EMC's Symmetrix V-Max(TM) announcement today reminded me of my first internal briefing for the V-Max project. The Symmetrix team proposed building a data storage system that would massively scale beyond the capabilities of any existing system in any data center.
This meeting happened maybe 3-4 years ago. I saw a presentation on a new hardware architecture. I listened to the proposed changes to the Symmetrix microcode (Enginuity). I saw preliminary schedules that were aggressive (given the substantial changes to the system).
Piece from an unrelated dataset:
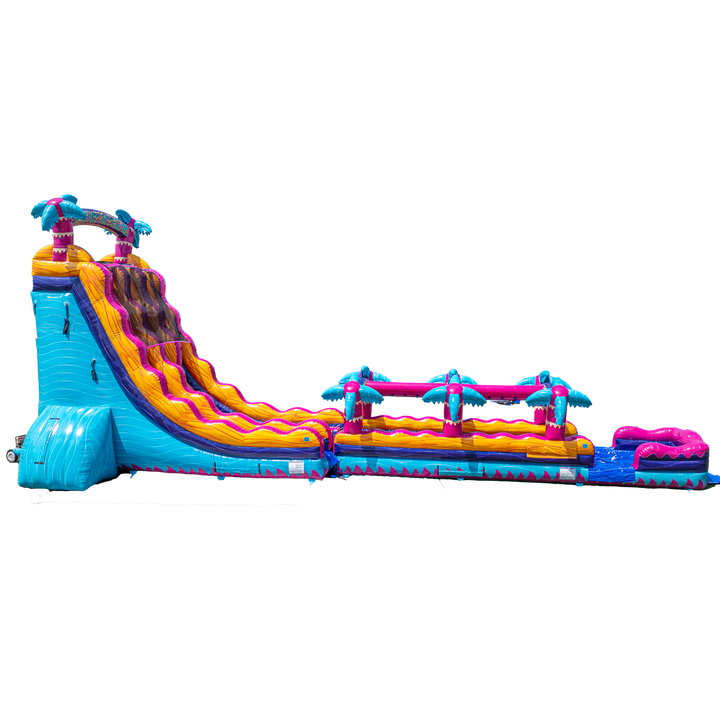 27ft Teal Rippling Rush Dual Lane Slip N Slide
Based on the Symmetrix organization's tradition of hitting their deadlines, I felt that their schedule was achievable.
Then they revealed their quality target of equivalent reliability to the currently shipping Symm systems (the DMX line), and I thought to myself: "no way".
For the lay person, the Symmetrix V-Max line targets 5 9s of reliability (also called uptime). A 5 9s system will experience downtime on the order of minutes per year.
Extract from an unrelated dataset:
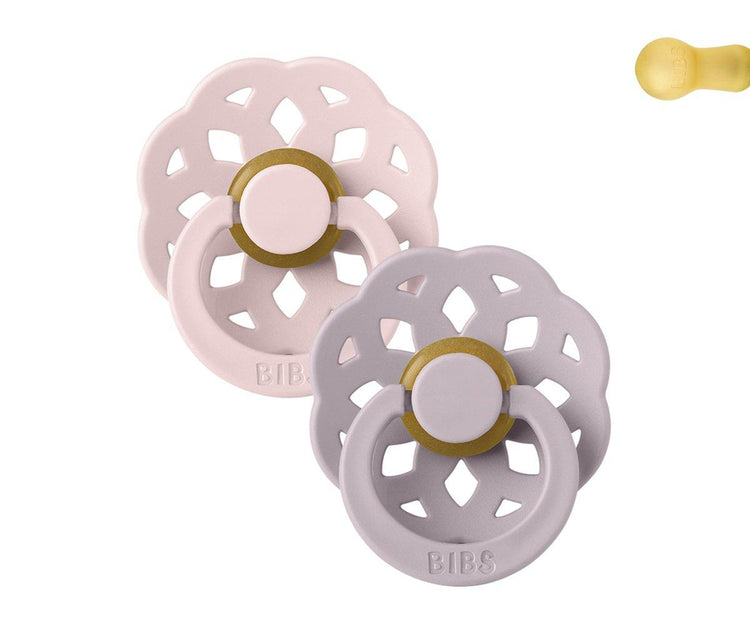 2 Chupetes BIBS Boheme Blossom/Dusky Lilac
I was skeptical. Most significant for me was the change from a massive, centrally located cache to the proposed fully distributed caching system. The magnitude of the proposal, in my mind, could not target 5 9s and still ship on time.
Not only has the Anarchist proved me wrong (he's good at that), but the Symm team finished ahead of schedule.
Which leaves me asking one question: how did they do it?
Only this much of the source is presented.